In the past, we could have looked with confidence at this new population as a net plus. But that may no longer be so much the case, given the current economic direction of California. It has become increasingly difficult in the state for many industries – such as agriculture, manufacturing, construction and logistics – that traditionally have employed Latino immigrants. In contrast, the one industry favored by Sacramento’s political class – the technology firms synonymous with Silicon Valley – has not engendered much progress for Latinos, whose incomes there have dropped while those of whites and Asians have grown.

Of CA vs. some other states:

This explains how California increasingly diverges both from the experience of other immigrants over the past century, and what is occurring today in some other states. In Georgia, Kansas and Nevada, as well as Texas, upward of 40 percent of Latino voters this year supported GOP candidates, compared with more than 70 percent lockstep support for Democrats in California.

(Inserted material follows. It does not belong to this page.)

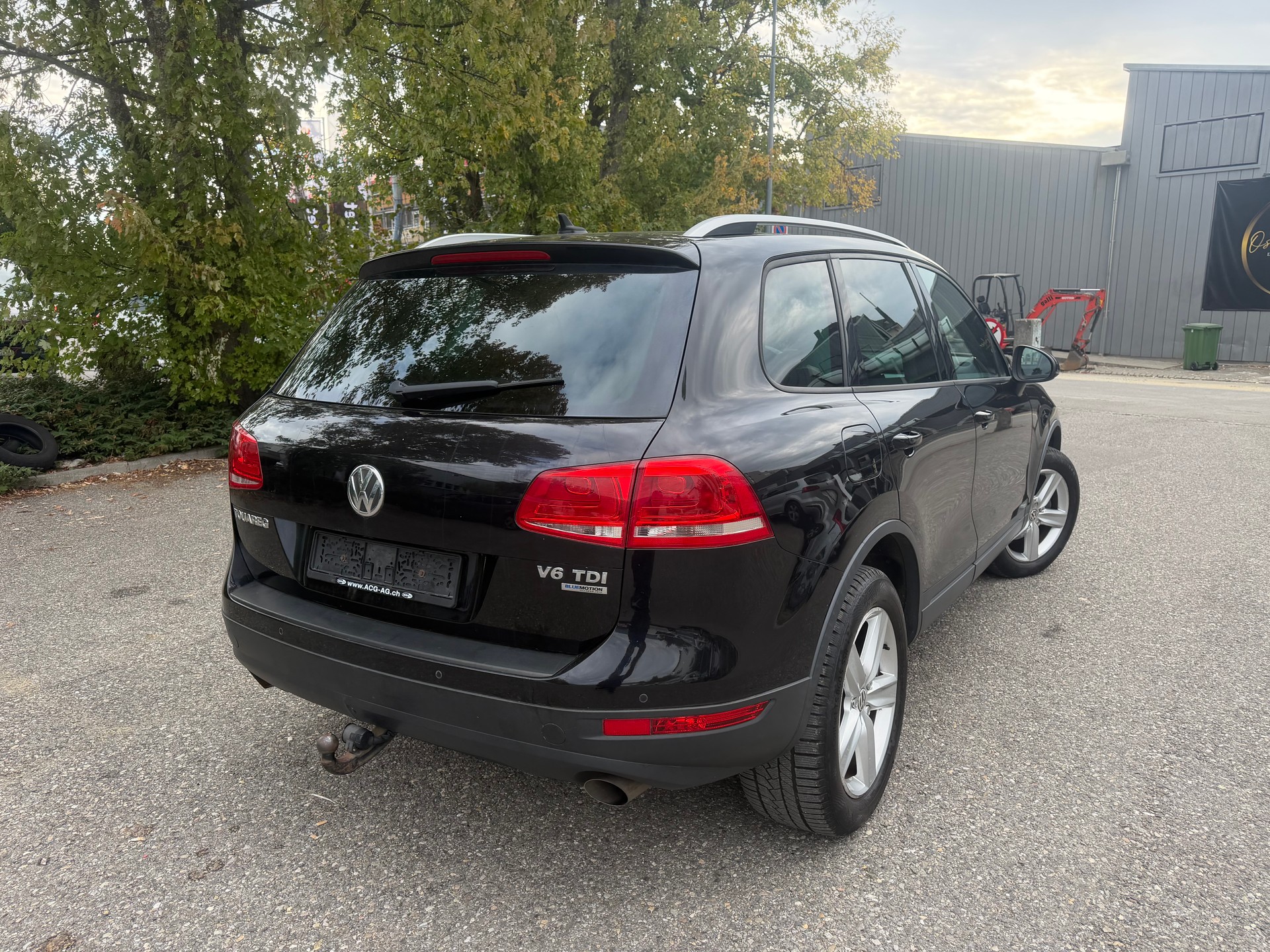 VW Touareg 3.0 TDI BlueMotion Technology Tiptronic * Leder * Gr. Navi * Xenon * Klima-auto * PDC V&H * Tempomat * AHK 3500Kg * B5b-image-4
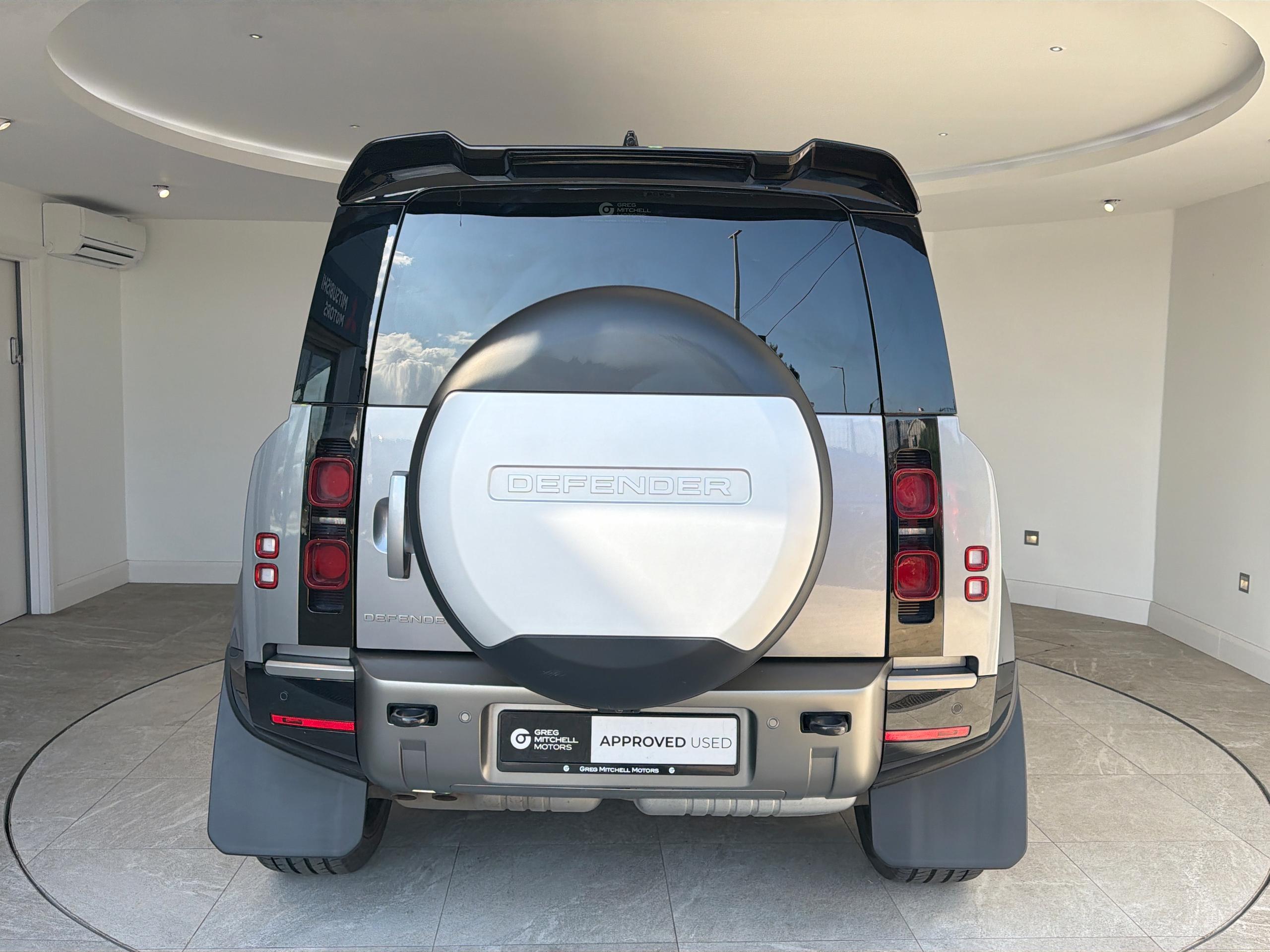 2024 Land Rover DEFENDER 3.0 D300 X-Dynamic HSE 110 5dr Auto - vehicle photo 14 for sale on PureCar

The problem here is not party per se – traditional Democrats historically combined liberal views with a strong pro-growth economic orientation. But we now see a shift within California Latino politicians away from support for broad-based growth and toward a greater reliance on redistribution and increased dependence on government. This approach may hurt their constituents but conveniently aligns with the preferences of wealthy white liberals in Marin County, San Francisco and other gentry locales, whose interest is to restrain economic growth.

One has to wonder, in my case as a non-Latino Californian here for over four decades, where this will all lead. One consequence could be to increase the state’s already large population living in poverty and boost California’s share of welfare recipients, roughly a third of the national total. The potential long term for a dangerous cocktail of racial and class resentment is not hard to envision.